L'arduo compito della riconciliazione

di Domenico Cacopardo

08 Gennaio 2021, 09:08

Mercoledì 6 gennaio, s’è consumata a Washington quella che potrebbe essere la conclusione logica del ruolo di Donald Trump nella vita pubblica americana. L’assalto al Campidoglio, infatti, ha già cambiato qualcosa sul piano istituzionale: Mike Pence, il vicepresidente, ha di fatto assunto un ruolo ben più importante di prima. Ha difeso il Parlamento ed è stato lui, proprio lui, ad assumersi la responsabilità di chiamare la Guardia Nazionale per ripristinare l’ordine.
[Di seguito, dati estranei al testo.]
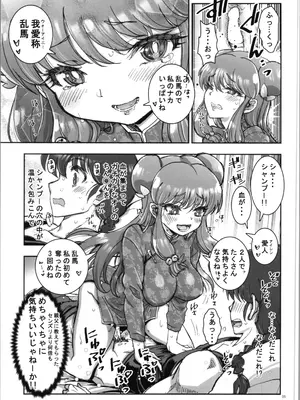 [介錯 (介錯)] 我愛◯ILOVEYOU (らんま1／2)_07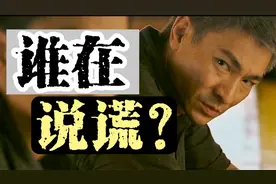 华语经典《门徒》阿芬和她老公谁在撒谎？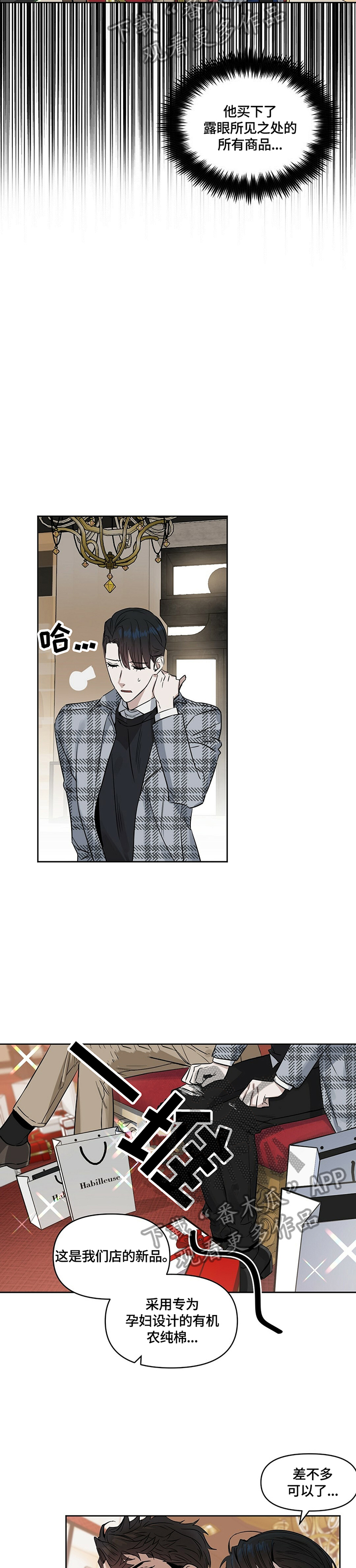 第61章：我全要2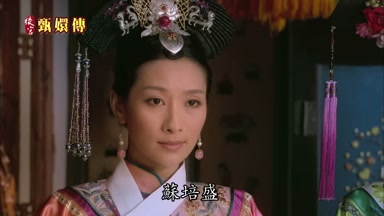 蘇培盛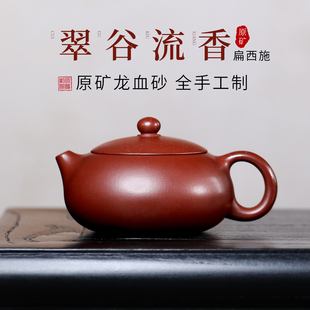 砂仙宜兴紫砂壶纯手工原矿龙血砂扁西施壶高档家用功夫茶具泡茶壶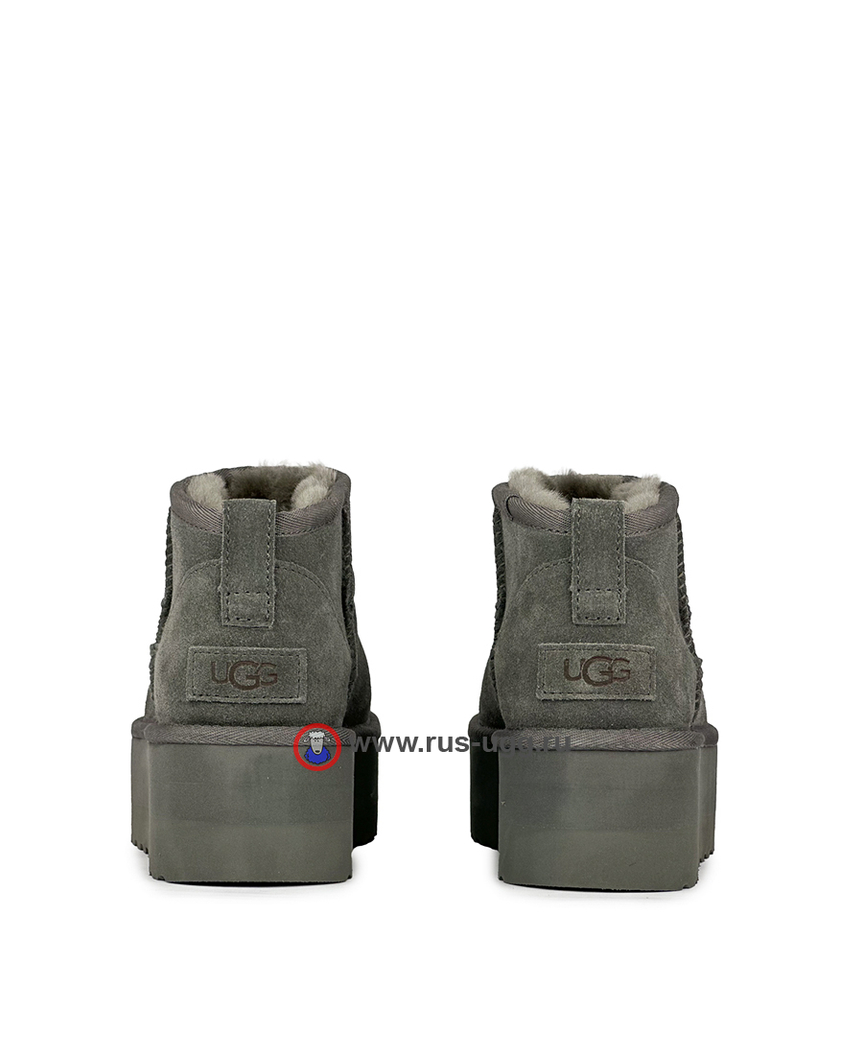 ULTRA MINI PLATFORM Grey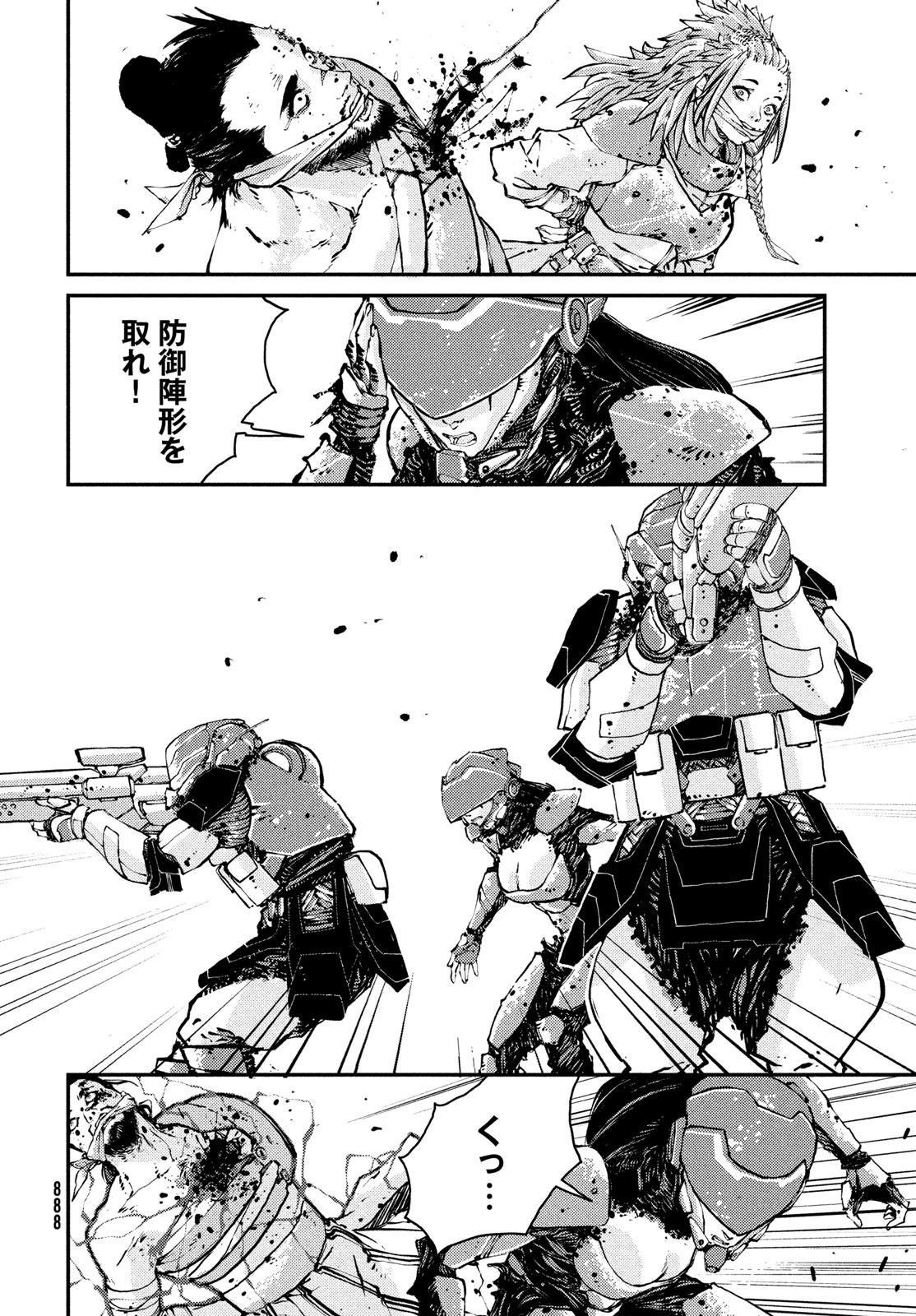 KRAKEN MARE Chapter 14 18ページ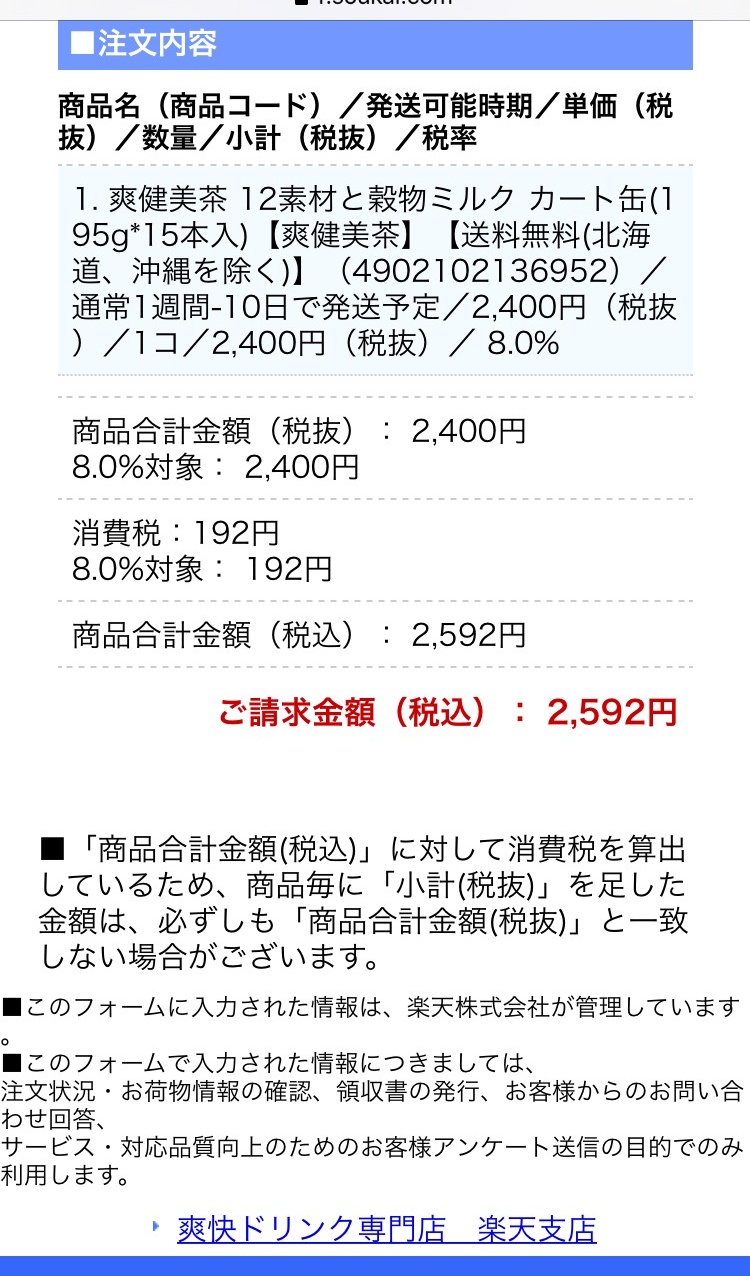 ちびうさ 無給兎ブロガー ちなみに爽快ドリンクは納品書が商品に同梱されないので 下記サイトからログインして明細書印刷できます T Co Kyekkt9pcb ログインの際の注文番号 認証キーは画像2枚目みたいな感じで注文内容確認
Poi, appena ristabilita la calma, ha ripreso in mano il Senato e la direzione della seduta congiunta con il Congresso, che ha archiviato le ultime restanti mozioni anti Biden e lo ha proclamato presidente eletto.
Di fatto, un’attuazione di quanto previsto dal 25esimo emendamento , comma 4, della Costituzione americana («Ogni qualvolta il Vicepresidente e una maggioranza dei titolari dei Dicasteri dell'esecutivo oppure di altro organo, che con legge sarà indicato dal Congresso, trasmetteranno al Presidente pro tempore del Senato e allo Speaker della Camera dei rappresentanti una loro dichiarazione scritta nel senso che il Presidente non è in grado di esercitare i poteri e adempiere ai doveri della sua carica, il Vicepresidente assumerà immediatamente l'incarico quale facente funzione di Presidente»), che potrà tornare d’attualità se e quando Trump se ne uscisse con qualche altra inaccettabile trovata. E, se l’accaduto ha un senso, esso lo ha anche come minaccia di rimozione in caso di necessità nei prossimi 12 giorni.
Perciò, l’asse del potere presidenziale il giorno dell’Epifania s’è decisamente spostato nella direzione di Pence e difficilmente tornerà nelle mani di Donald Trump. Anche Mitchell (Mitch) McConnell, il potente capo dei senatori repubblicani, s’è dissociato dalle richieste presidenziali: «Invertire il voto sarebbe una spirale mortale. Gli elettori, i tribunali e gli Stati hanno tutti parlato: se decidessimo contro di loro, mineremmo la nostra repubblica per sempre». Certo il trumpismo non è morto mercoledì 6 gennaio. È, invece, terminata la carriera politica del presidente, che subirà le conseguenze giudiziarie di un comportamento per molti versi illecito, e, soprattutto, il recupero dell’autonomia politica e decisionale dei repubblicani, la cui prospettiva è quella di battersi per riconquistare, nel 2024 la presidenza, contendendola alla probabilissima candidata Kamala Harris. Per farlo occorrerà un candidato convincente, capace di riappropriarsi del centro perduto a favore di Biden. Ancora a caldo, dobbiamo ammettere che il danno reputazionale arrecato da Trump agli USA è enorme e sarà sanato con difficoltà e in molto tempo.  A Biden, al partito democratico e a  quello repubblicano spetta ora il compito più arduo: riconciliare il Paese, rendendolo patrimonio comune. E ricostruire, quindi, il ruolo degli USA e della democrazia americana. Un valore di comune interesse, nostro e loro.